Un petit miracle

Un soir de garde comme un autre. Le chirurgien de garde m’appelle pour venir voir une dame âgée aux urgences.

– Qu’est-ce qui se passe ?

– Une patiente de 88 ans, adressée en urgence pour douleur abdominale, c’est pas folichon… viens voir

– ah ?! ok, j’arrive.

Je pointe le bout de mon nez dans le déchocage. Je vois une toute petite dame ratatinée sur son brancard. Consciente et orientée (1er miracle !) la patiente est quand même tachycarde, marbrée avec une pression artérielle probablement bien plus basse qu’à son habitude et sa biologie ne pousse pas à l’optimisme.

Le scanner est affiché : pneumopéritoine, des plaques sur tout ce que je peux identifier comme un vaisseau et du liquide en faible à moyenne abondance dans le ventre.

Là tout le monde se regarde avec cet air contrit-désolé-c’est-pas-ma-faute. Viens l’heure des décisions. Avant il faut papoter cinq minutes. C’est important de sonder le sentiment de tout à chacun.

Allô le réa :

– 88 ans bla-bla vasculaire bla-bla

– je n’ai plus de place et je crois qu’en ce moment c’est bien bouché dans la région

– ok merci, gloups.

Je connais le médecin traitant, je l’appelle. Celui me raconte en quelques mots qu’il est encore bien étonné que cette patiente soit encore en vie après tous ses accidents cardio-vasculaires. On arrive pas à 88 ans par hasard mais il nous brosse un tableau assez pessimiste.

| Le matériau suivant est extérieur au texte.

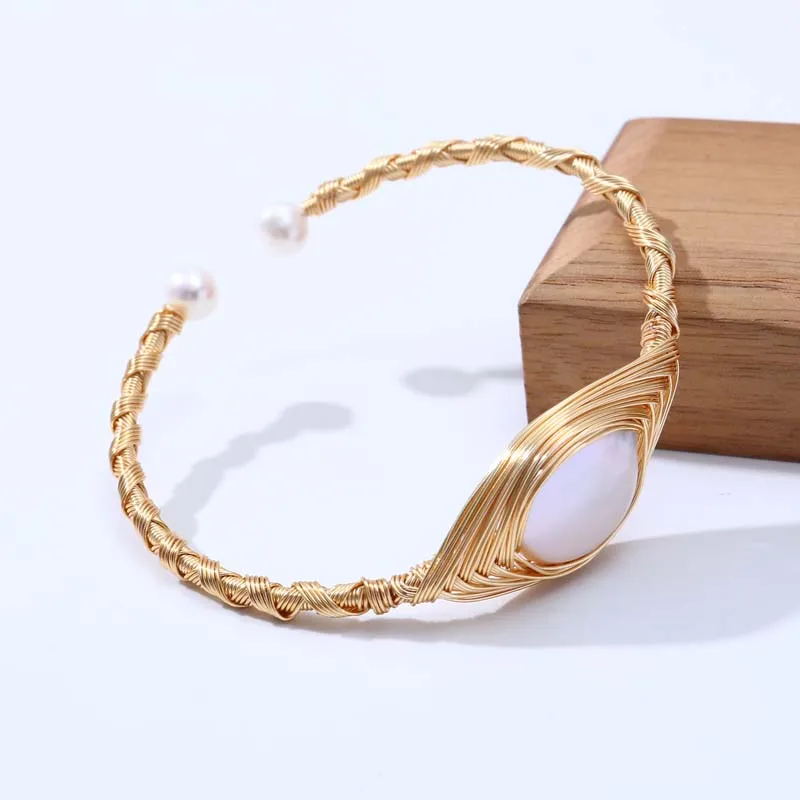 Индивидуальный Женский Золотой браслет ручной работы с пресноводным жемчугом в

On fait la synthèse ensemble (miracle N°2). Et tout le monde semble d’accord pour ne pas opérer cette dame (miracle N°3). Les regards de la troupe de blouses blanches se focalisent sur la patiente qui doit vraiment croire qu’elle est déjà au purgatoire pour qu’on la regarde comme ça…

Prescription des perfusions qui vont bien, antibiotiques + eau bénite et hospitalisation en chirugie.  Elle sera vite transféré en soins palliatifs… loin des yeux loin du coeur, pas trop de patient pour lesquels on ne fait pas d’opération en chirurgie siouplait. Et on l’oublie.

Quelques semaines plus tard son médecin traitant me rappelle pendant une consultation, il me demande des nouvelles, il n’en a pas. Il craint ne pas avoir été prévenu du pire. Mme Perforée me revient en mémoire. Quelques jours plus tard je retombe au bloc avec l’interne de chir qui avait accueilli cette patiente.

– Tiens, elle est devenue quoi Mme Perforée ?

– j’sais poa.

Allez hop, je dégaine mon téléphone. Standard.

-Bonjour M’sieur, pouvez vous me passer les soins palliatifs ?

– Les soins palliatifs, bonjour ! (sic)

– Bonjour Madame, j’aimerais savoir si vous avez connue Mme Perforée et savoir ce qu’elle est devenue…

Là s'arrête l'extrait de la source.